Dear Dr. Tangherloni and Reviewers,

We sincerely thank you for the time and effort you have dedicated to reviewing our manuscript titled "FM3VCF: A Software Library for Accelerating the Loading of Large VCF Files in Genotype Data Analyses"** (Manuscript ID: PONE-D-24-38236). Your constructive feedback has been invaluable in enhancing the quality and clarity of our work. Below, we provide detailed responses to each of the comments raised by the Academic Editor and the reviewers.

We would like to thank the academic editor and reviewers for recognizing the value of this manuscript. In response, we have made revisions to address the points raised:

1. We have added a more comprehensive review of the related research, covering the background of the study, recent advancements in VCF file processing, and genotype data analysis tools.

2. We have provided a detailed explanation of the unique aspects of FM3VCF, including an introduction to the workflow and theoretical framework, clearly highlighting its novel features and major contributions to the field.

3. We have included additional experiments using more diverse datasets to further validate the effectiveness of our tool.

4. We have conducted a more detailed discussion, analyzing and summarizing the impact of compression parameters such as the number of threads, block size, and file size on the performance of the tool, providing a more comprehensive perspective and guidance for future research.

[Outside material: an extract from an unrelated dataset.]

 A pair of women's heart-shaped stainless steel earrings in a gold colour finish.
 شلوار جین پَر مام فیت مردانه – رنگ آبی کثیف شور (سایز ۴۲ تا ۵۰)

These improvements aim to bring the manuscript into closer alignment with PLOS ONE’s publication standards.

Responses to Reviewer #1

Reviewer #1 Overall Feedback: The research work lacks sufficient explanation and validation, with the background study falling short of standards. The authors have reviewed a minimal number of papers, resulting in a weak background. Additionally, the discussion and validation of the results are inadequate. The paper fails to address the significance, novelty, and contribution of the study, leading to its rejection. The authors neglected to discuss these critical components, which are essential for the research's credibility and impact.

Comment 1:

The research work lacks sufficient explanation and validation, with the background study falling short of standards. The authors have reviewed a minimal number of papers, resulting in a weak background.

Response:

Thank you for the valuable feedback from the reviewer. We have made significant revisions to strengthen the manuscript.

Firstly, we have expanded the literature review: We have significantly broadened the scope of the literature review to include a more comprehensive discussion of relevant research. This now covers:

The importance and role of genotype data in genomics research, particularly in studies such as genome-wide association studies (GWAS) and genotype imputation (lines 33-35).

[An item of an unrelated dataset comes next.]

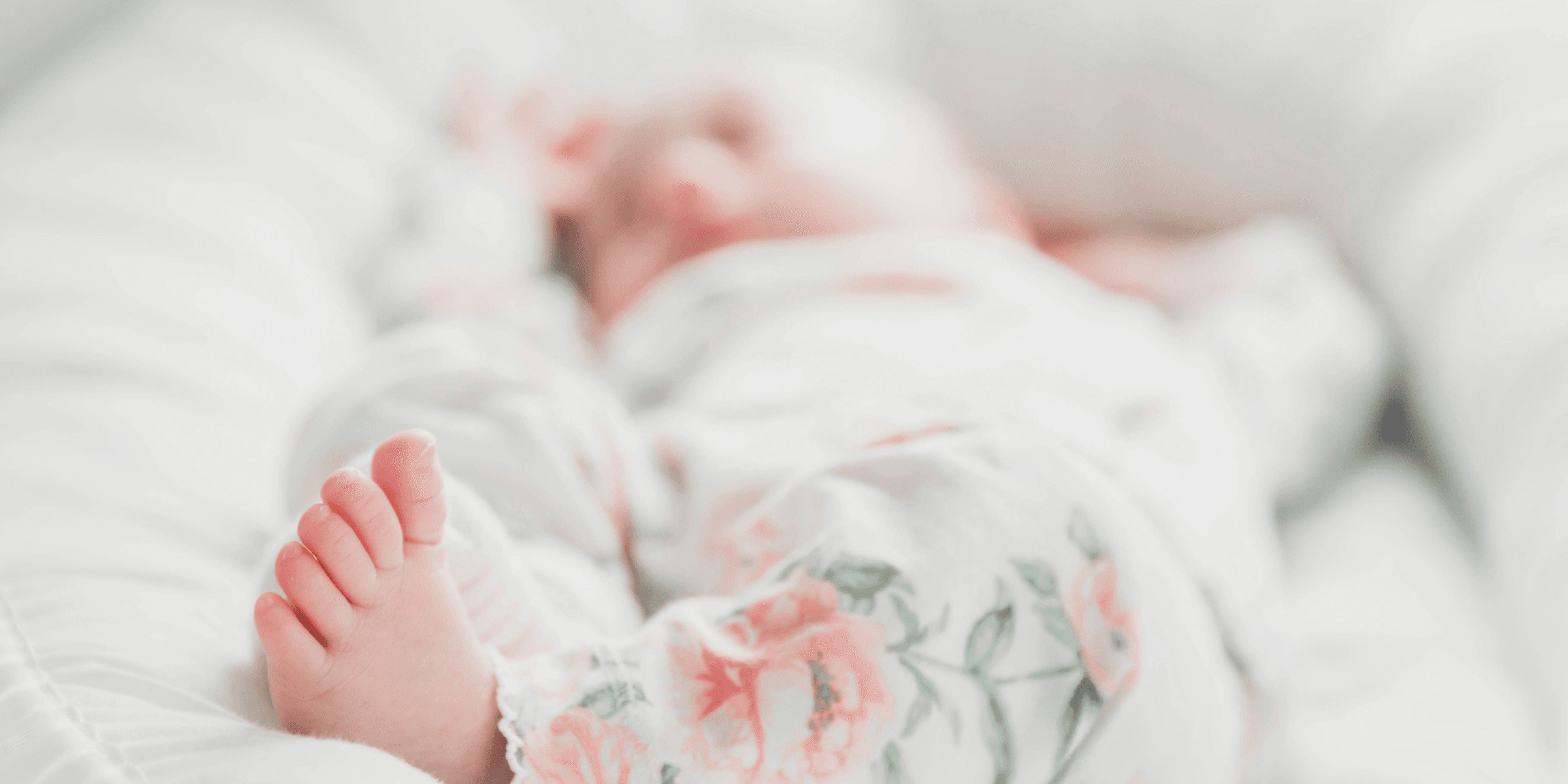 baby in white and red floral onesie lying on bed.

The computational challenges researchers face as dataset sizes grow, particularly regarding VCF file handling, loading, and parsing (lines 35-40).

A detailed review of the limitations of the Variant Call Format (VCF) in handling large datasets with millions of variants and samples, and the challenges of data parsing and compression (lines 41-46).

Secondly, we emphasized the growing need for optimized tools: We highlighted the increasing demand for optimized tools that can handle large-scale genomic data efficiently. The background now includes discussions on how multi-threading and modern computational advances can address these challenges and improve the efficiency of genotype data analysis workflows (lines 47-53).

Lastly, we provided a more detailed introduction to FM3VCF: We have further clarified the specific contributions and innovations of FM3VCF. The manuscript now clearly presents FM3VCF as a tool designed to overcome the bottlenecks of processing large VCF files by utilizing multi-threading for improved efficiency in both compression and parsing, making it highly suited for large datasets (lines 54-59).

These revisions provide a more robust context for our research, validate the need for the tool, and demonstrate how FM3VCF addresses existing limitations. We believe that these improvements significantly strengthen the manuscript and ensure a more comprehensive background.

Comment 2:

The discussion and validation of the results are inadequate.

Response:

We have added more experiments using more appropriate and diverse datasets to further validate the effectiveness of FM3VCF (lines 210-218). Additionally, we conducted further tests to evaluate FM3VCF’s performance across different datasets and scenarios (lines 219-240, lines 289-303). Moreover, we expanded the discussion section to provide a deeper analysis of how parameters such as the number of threads, block size, and file size affect FM3VCF's performance. We explained, using Amdahl’s Law, how performance gains tend to diminish as the number of threads increases, and how hardware and task-specific limitations cause the acceleration effect to reach saturation more easily (lines 242-271). We also analyzed the critical role of optimizing block size to balance parallelization efficiency and I/O performance. A well-chosen block_size parameter is key to achieving a more balanced load distribution (lines 272-280).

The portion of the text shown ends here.